Cumhuriyet gazetesi yazarı Oral ÇALIŞLAR’ ın satırları var idi aklımda en son.
Irak, Türkiye ve ABD üçgeni konusunda yazdıkları. Ve bundan sonra ne   olacağına dair soruları. Genelde çok hoşlanarak okumam Çalışlar’ ı ben;   neden bilmiyorum ama hani şöyle alıp da hevesle okuduğum kalemlerden değildir. Ama bugün günlerdir kafamda dolaşan soruları yazmış sanki….Tabi Hikmet ÇETİNKAYA’ nın da bugünkü yazısını   göz ardı etmemek lazım….
O bölgede doğan; o bölgeyi çocukluğundan ve babasının anlattıklarından bilen ve hala SİVEREKLİ olduğunu gururla söyleyen bir insan olarak aklıma takılıyor tabi ki konular.
Hoş son zamanlarda zaten sorgulama içindeyim; özellikle ÇANAKKALE ziyaretimden sonra.
Sorgulama ise kendime ait; sonra paylaşırız.

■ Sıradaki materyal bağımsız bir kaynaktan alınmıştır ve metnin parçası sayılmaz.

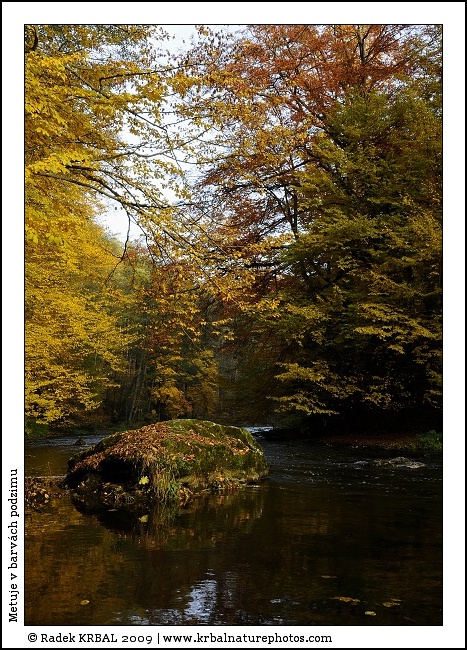 Metuje v barv�ch podzimu | The Metuje River in autumn colours | Fluss Mettau in Herbstfarben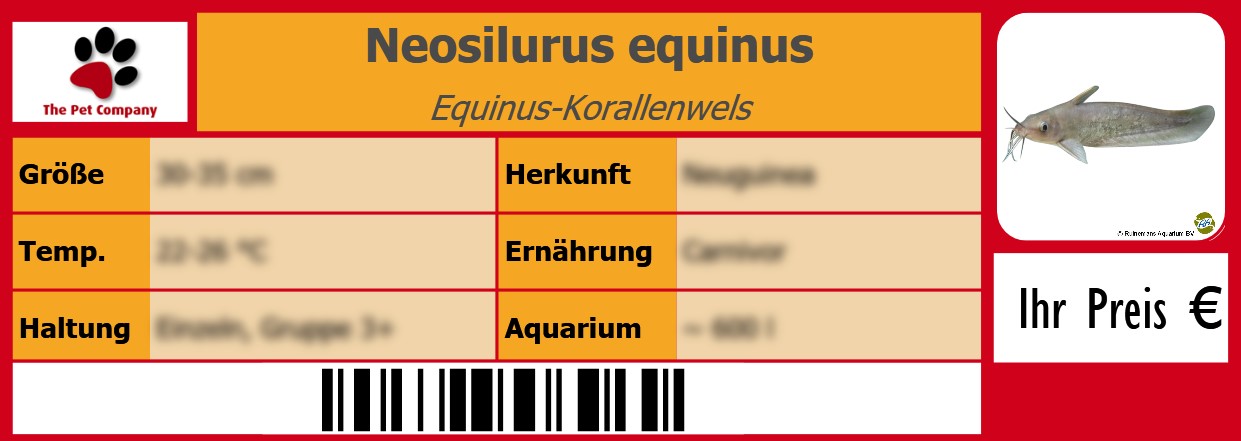 Neosilurus equinus Equinus-Korallenwels 105 x 38 mm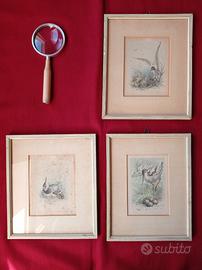 Antiquariato Vintage Stampe Amsterdam 1960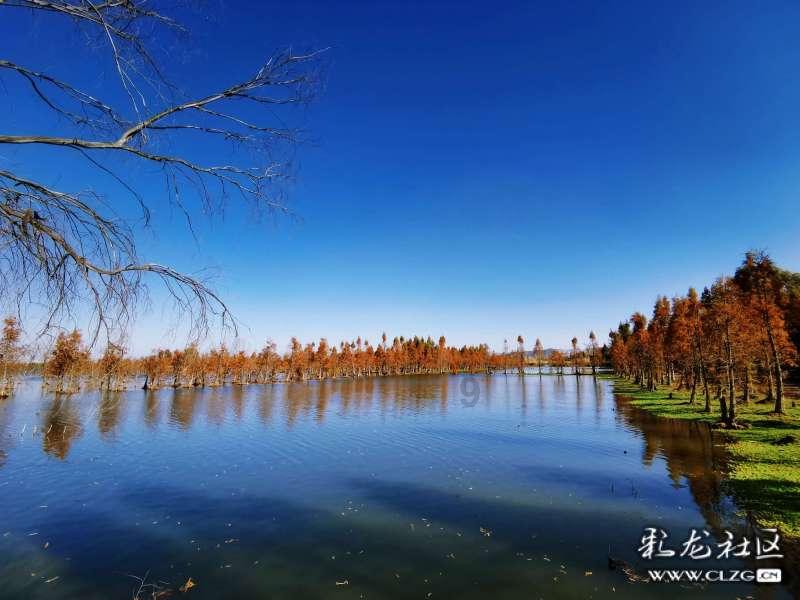【建信聚焦】工业硅:节前补库结束,弱势震荡为主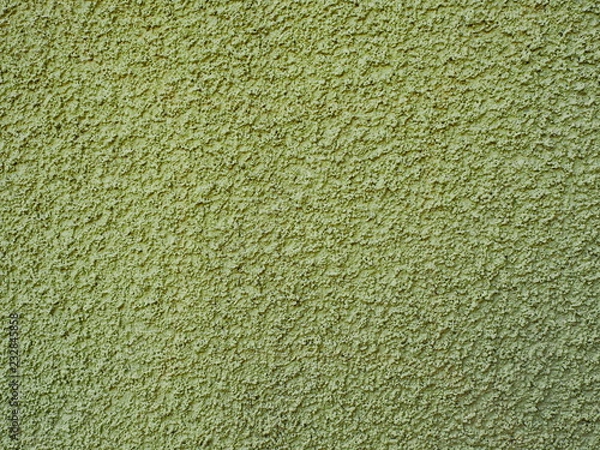 Fototapeta granular light green wall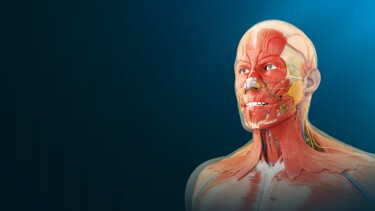 A journey into the human body: How VR helps me understand my injury and heal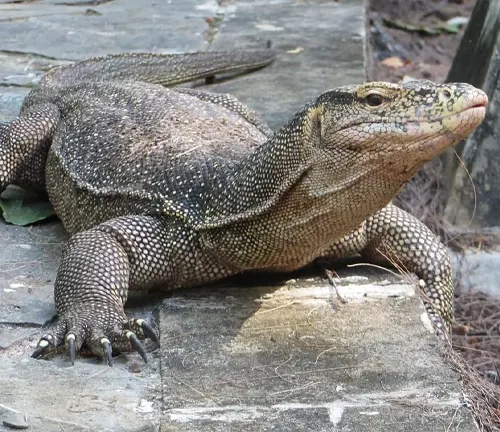 A large Asian Water Monitor lizard walking on the ground.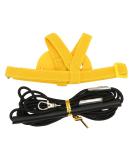 Premium Pet Parrot Bird Dishes & Leash - Adjustable Outdoor Flight Set for Parrots & Nymphensitties | Training Rope & Flight Guidance - Buy Online on GoSupps.com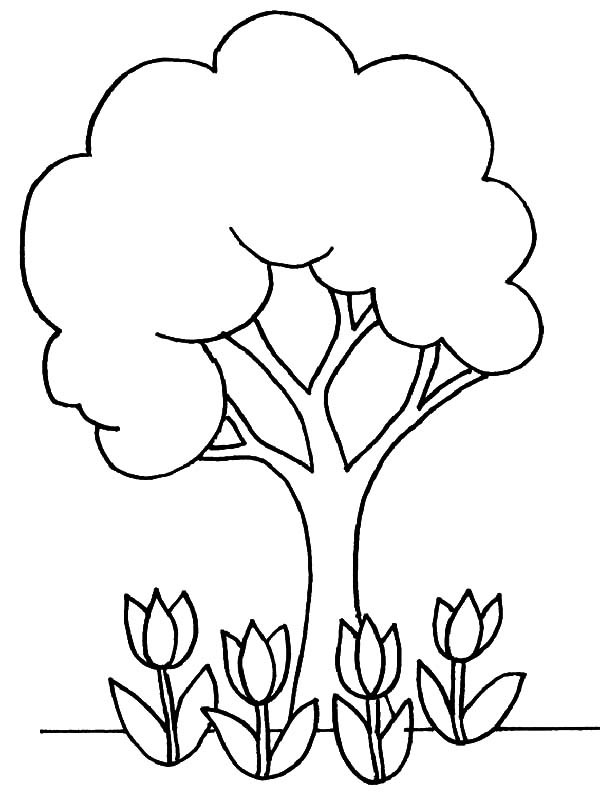 600x800 Healthy Tree On Arbor Day Coloring Pages Best Place To Color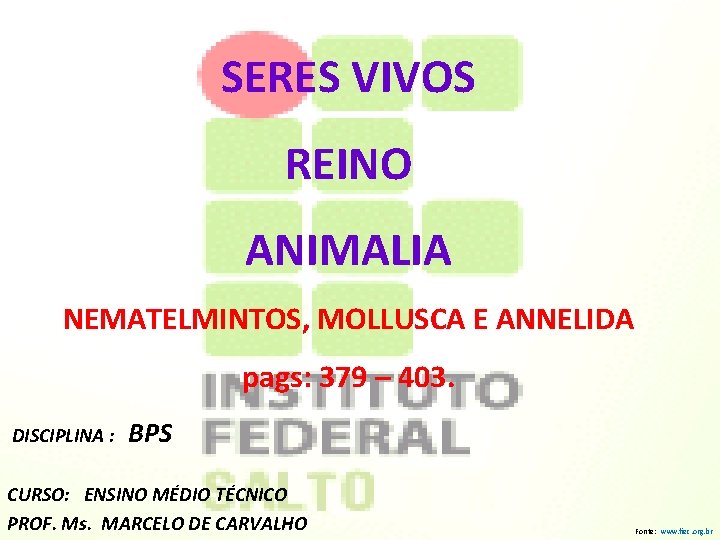 SERES VIVOS REINO ANIMALIA NEMATELMINTOS, MOLLUSCA E ANNELIDA pags: 379 – 403. DISCIPLINA :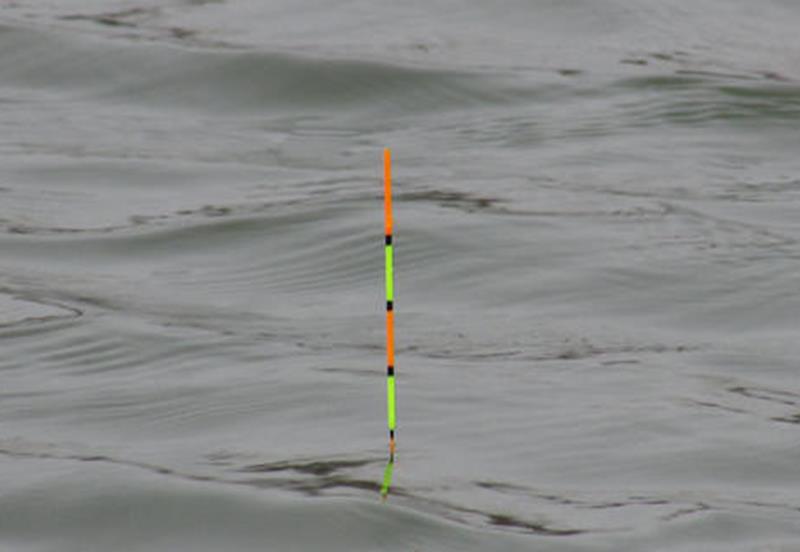 @调好的目数,没钓一会就变了!什么原因,看完这些就懂了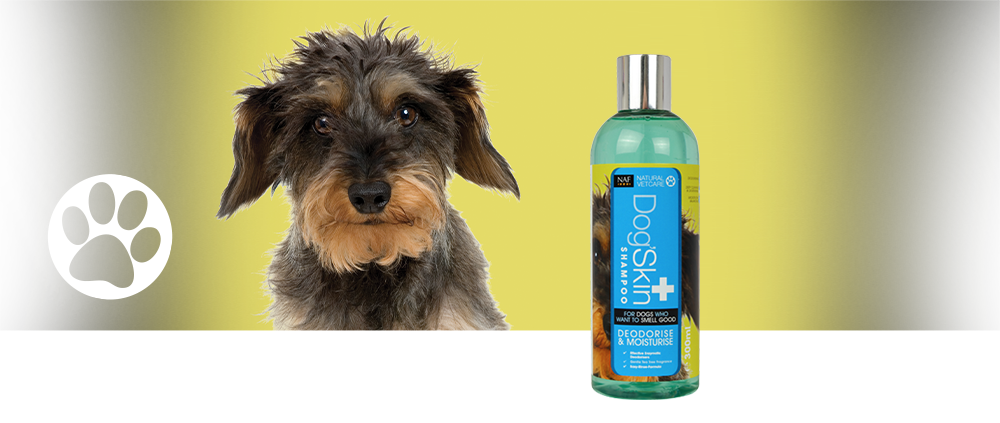 A gentle but effective deodorising shampoo for dogs prone to unpleasant odour or who roll in things they shouldn't!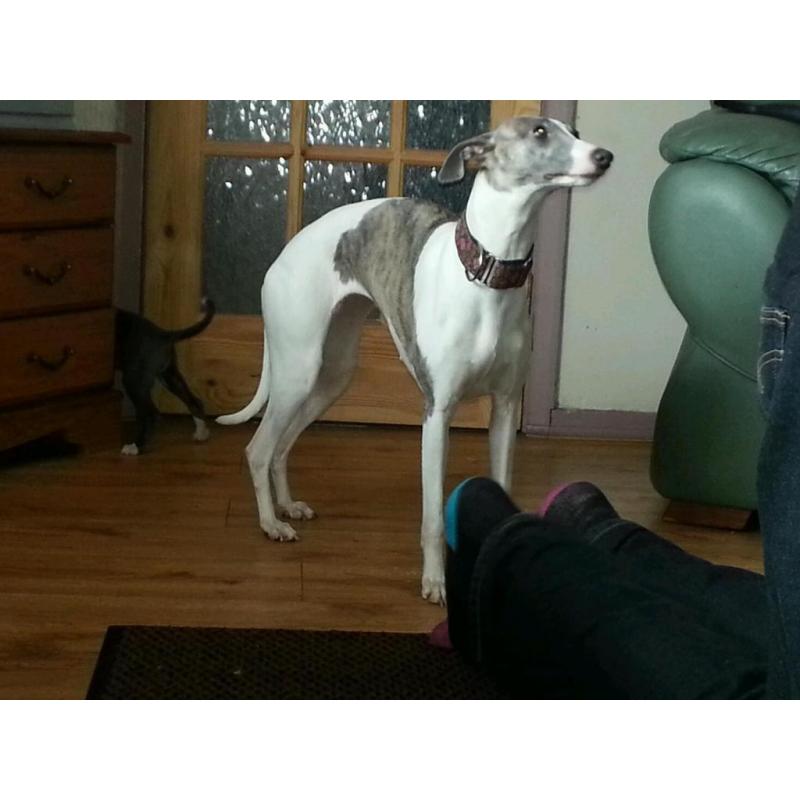 Whippet bitch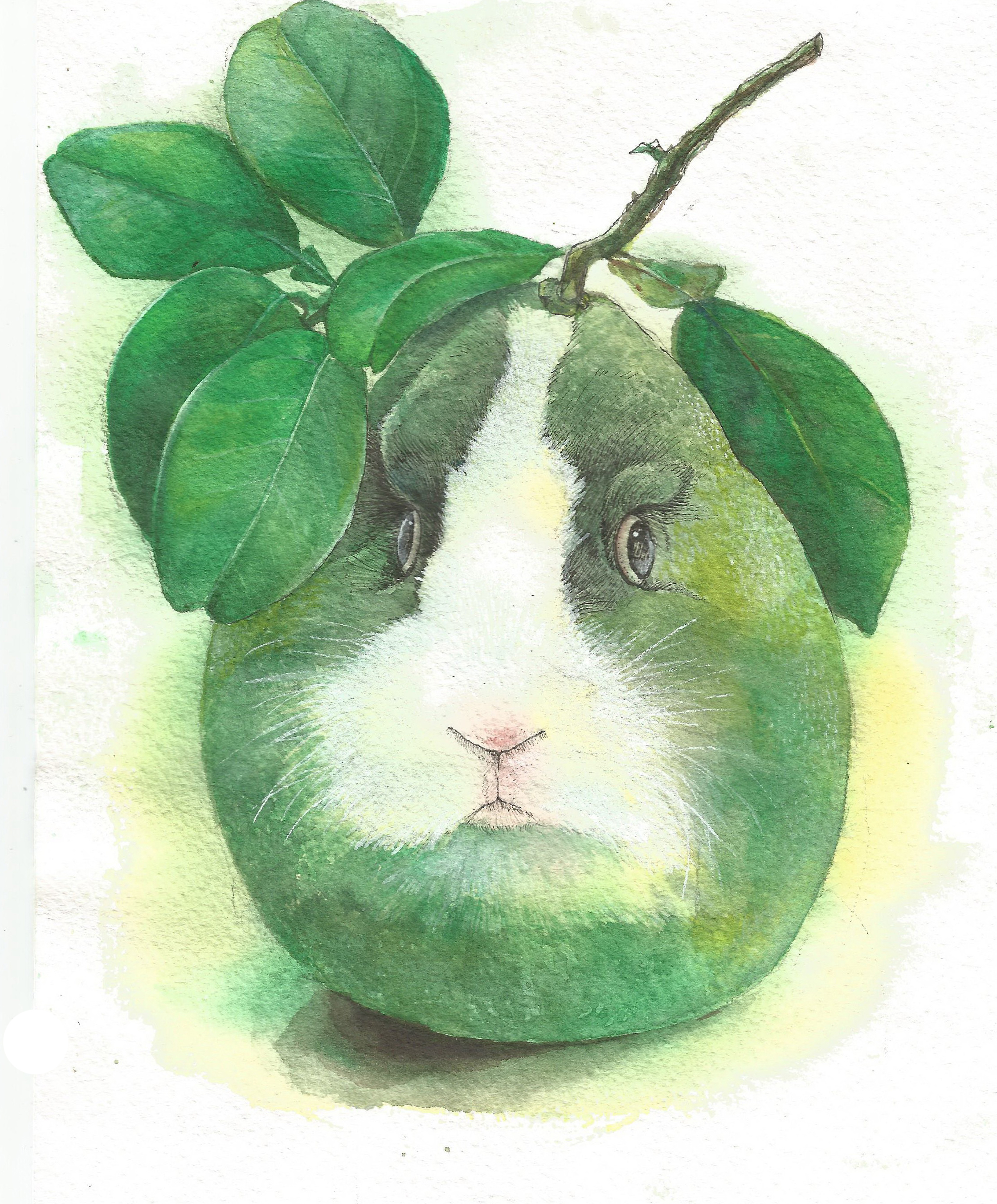 柚子兔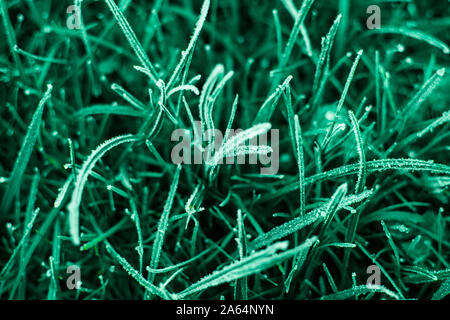 First frosts on green mint grass, late autumn. Natural background. Top view, close up. Stock Photo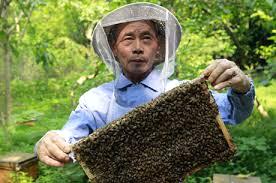 22092016113422771372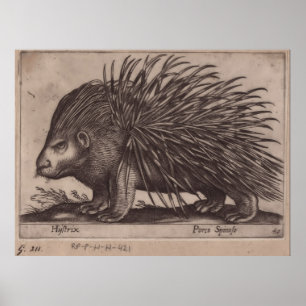 Antonio Tempesta - Stekelvarken  - Porco Spinoso   Poster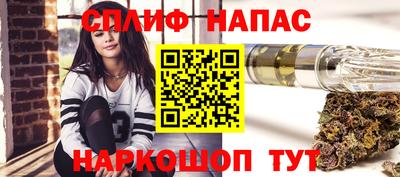 МДПВ Пенза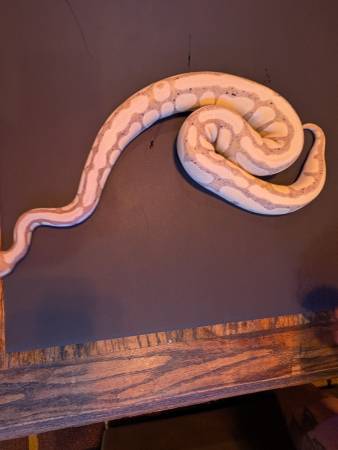 Ball Python Rehoming 1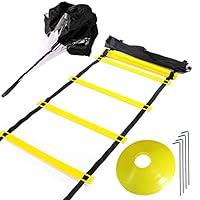 Algopix Similar Product 16 - Huvai Agility Ladder 20ft 12 Rung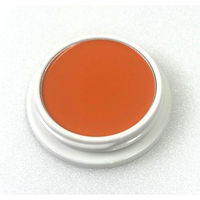 アイーダ 舞台屋 ペイントカラー No.5 4580255650640 1セット（2個入）（直送品）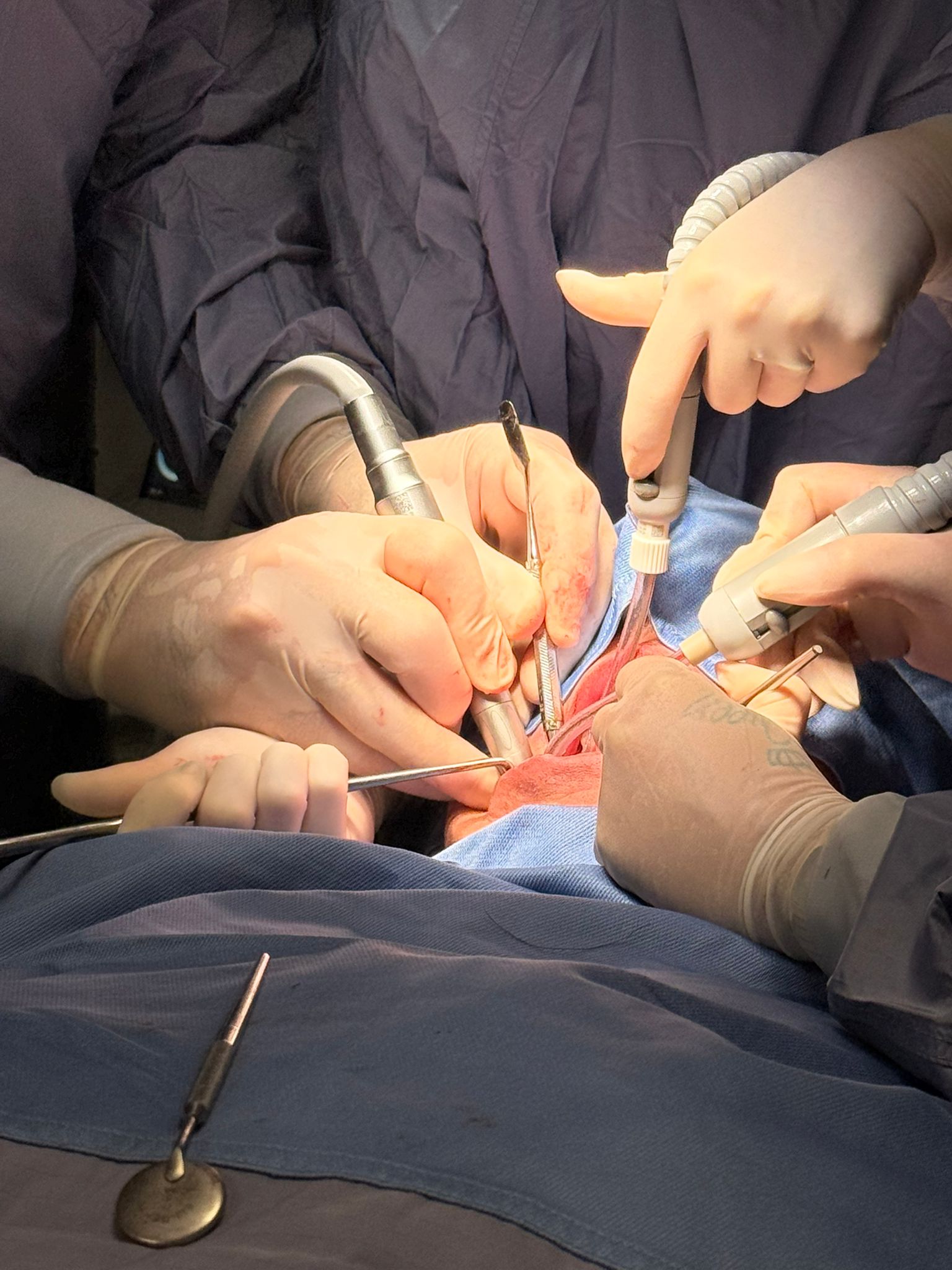 La sala operatoria in odontoiatria: un'opportunità di crescita professionale e di business
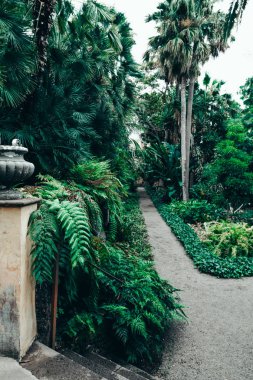 Doğal güzel tropik park. Egzotik dökmeyen bitkiler.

Kesinlikle hepimizin unuttuğu bir gerçek var: Biz o savaşı;  omuz omuza kazandık; biz bu topraklarda barış içinde yaşadık. Ve ne yazık ki yapılan hataların sebebi ve sahibi   bugün kanları dökülen çocuklarımız değil politikacılarımızın yanlış tutumu; popülist yaklaşımlarıdır. İşte burada Oral Çalışlar  çok yakın yazmış fikirlerime; yeni yaklaşımlar bulmak zorundayız. Gündelik olmayan;   akılcı, kalıcı ve demokratik yaklaşımlar….
Ve de popülizmden uzak….
Ama bu yapılırken de doğru ortak paydayı kullanmalıyız. Ve bu ortak payda da din, dil, ırk ayırmayan   ANADOLU topraklarında asla dinsel bir yaklaşım olamaz. Buradaki ortak paydamız kesinlikle   ANADOLU’ nun köklü geçmişi; uygarlığı   ve ortak ülkümüz gelecek arayışımız olmalıdır. Hepimiz oturup düşünmeliyiz ;  bölünürsek parça parça ne kadar güçlü olabiliriz ki?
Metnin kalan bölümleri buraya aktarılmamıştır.